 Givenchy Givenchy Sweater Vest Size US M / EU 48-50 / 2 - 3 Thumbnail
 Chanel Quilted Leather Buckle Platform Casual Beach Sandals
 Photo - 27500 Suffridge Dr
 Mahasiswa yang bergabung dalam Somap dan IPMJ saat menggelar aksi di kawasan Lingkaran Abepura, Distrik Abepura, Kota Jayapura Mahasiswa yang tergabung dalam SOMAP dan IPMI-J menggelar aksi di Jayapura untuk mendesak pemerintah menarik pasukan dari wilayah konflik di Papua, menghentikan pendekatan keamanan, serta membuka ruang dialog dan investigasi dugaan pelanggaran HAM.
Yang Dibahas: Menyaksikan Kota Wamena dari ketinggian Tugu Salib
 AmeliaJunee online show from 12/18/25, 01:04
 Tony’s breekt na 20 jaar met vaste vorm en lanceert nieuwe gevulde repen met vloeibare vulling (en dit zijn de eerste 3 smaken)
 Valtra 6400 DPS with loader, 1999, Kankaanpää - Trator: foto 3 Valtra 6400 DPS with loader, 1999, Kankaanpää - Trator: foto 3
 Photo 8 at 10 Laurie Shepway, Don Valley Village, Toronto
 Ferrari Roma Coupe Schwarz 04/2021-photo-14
..............................
### To do
Search the records above for "dari" and copy every line that has it.

### Finished task
 Mahasiswa yang bergabung dalam Somap dan IPMJ saat menggelar aksi di kawasan Lingkaran Abepura, Distrik Abepura, Kota Jayapura Mahasiswa yang tergabung dalam SOMAP dan IPMI-J menggelar aksi di Jayapura untuk mendesak pemerintah menarik pasukan dari wilayah konflik di Papua, menghentikan pendekatan keamanan, serta membuka ruang dialog dan investigasi dugaan pelanggaran HAM.
Yang Dibahas: Menyaksikan Kota Wamena dari ketinggian Tugu Salib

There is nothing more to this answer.